Interesting post SGB, thanks.
However this: "It would appear to be true that women, more than men, have less tolerance for rubbish sex. Male sexuality can in some men be pretty linear ? find a hole, enter and ejaculate." is pretty much all I was saying. You bury it amid a ton of other factors, but that doesn't make it less true, or relevant.
The problem with your insistence on sexual gender equivalence is that you confuse observation with moral imperative. The simple observation that most men are more open to quick, easy, casual sex than most women are, is in no way the same thing as a moral judgment upon that minority of women who are open to it. Personally I have no problem acknowledging the observation, as a generalisation, while also accepting that people have the right to live their lives how they want, and if a woman wants to sleep with a different man every night and she's happy, good on her. I vigorously and actively fight against attitudes (from BOTH sexes) that judge women for sexual promiscuity.

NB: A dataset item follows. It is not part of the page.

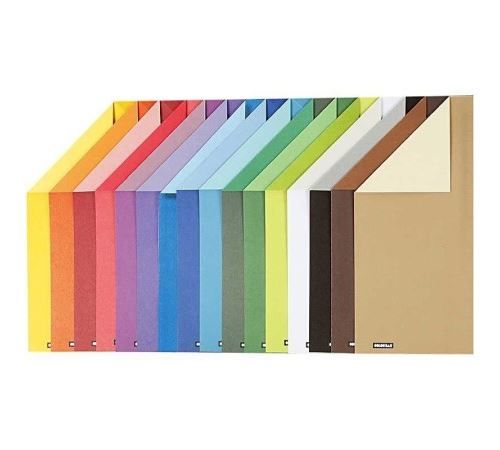 Papier cartonné - A4 - Couleurs assorties - 250 gr - 16 feuilles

But you put the cart before the horse. You seem to say "We should get rid of unequal gender-biased judgment of peoples' sexual desires (with which I agree) -and in order to do that, we should ignore the evidence before our eyes that there are widespread general differences between those of men and women (which is silly).

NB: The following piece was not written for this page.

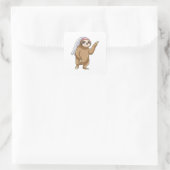 Faultier als Braut mit Schleier Quadratischer Aufkleber (Tasche)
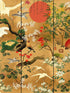 Byobu fabric in metallic edition gold green red color - pattern number WP20295 - by Mind the Gap in the Wallpaper Collectables collection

Your thesis simply fails to stack up against reality. Why is it that all over the world, in practically all cultures that we have ever known about, men have sought out multiple partners so much more than women? Why is prostitution known as the "world's oldest profession", and both it and its virtual form - porn - massively more patronised by men than women? Why does the widespread culture of going on the pull every weekend inevitably end up with vast numbers of men seeking to score, most being disappointed, and a much smaller number of women taking their pick while the majority don't bother because they'd rather not just go home with anyone? Why do many swingers clubs have strict restrictions against admitting single men, only allowing men to enter as part of a couple? (while not, as far as I've ever observed, applying any such restriction to single women).
Are all these differences due to culture rather than innate physicality? Quite possibly - I don't think we can ever possibly disentangle the two to know, and I don't personally think it actually matters that much. Culture isn't going to disappear any time soon, although I certainly support attempts to challenge it, allow it evolve and avoid discrimination on the basis of it.
But I don't see the point in denying observation of reality.